─── Given material ───
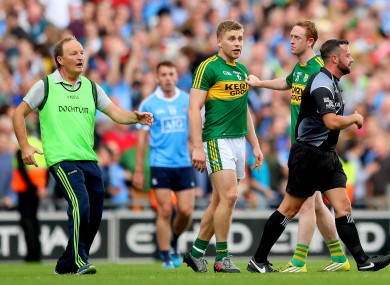 Kerry players Peter Crowley and Colm Cooper with referee David Gough after the 2017 All-Ireland final.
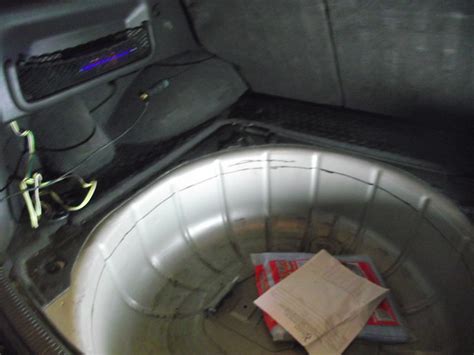 The pickup tube comes installed on the top of the tank. jeep wj tank lift - JeepForum.com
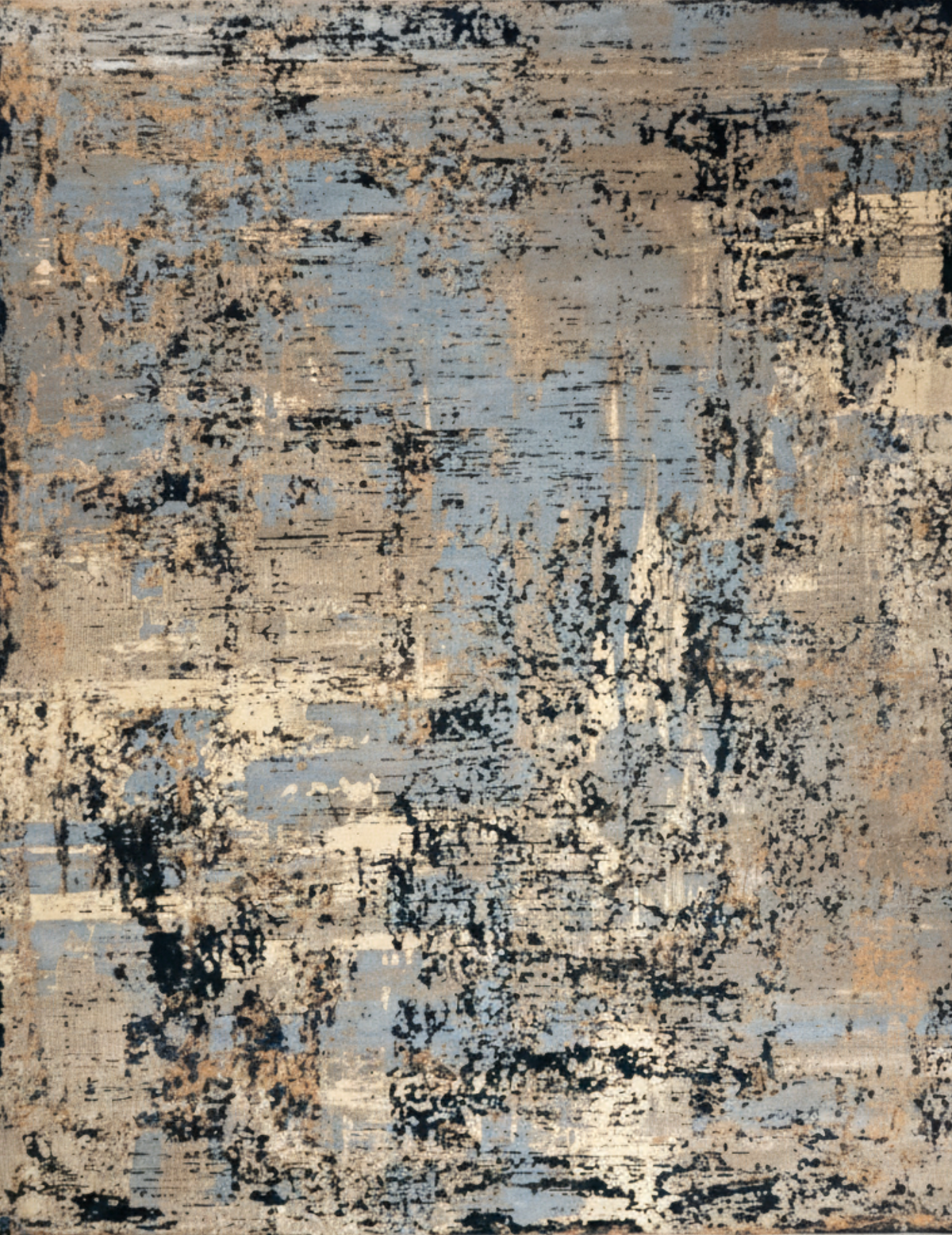 Abstract patterned rug with beige, black, and blue colors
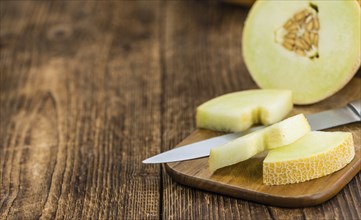 Fresh made Honeydew Melon on a vintage background (close-up shot)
───
● **Directions for this task**:
Please output all of the data exactly as given, omitting any images it holds.

● **Response to this task**:
 Kerry players Peter Crowley and Colm Cooper with referee David Gough after the 2017 All-Ireland final.
 The pickup tube comes installed on the top of the tank. jeep wj tank lift - JeepForum.com
 Abstract patterned rug with beige, black, and blue colors
 Fresh made Honeydew Melon on a vintage background (close-up shot)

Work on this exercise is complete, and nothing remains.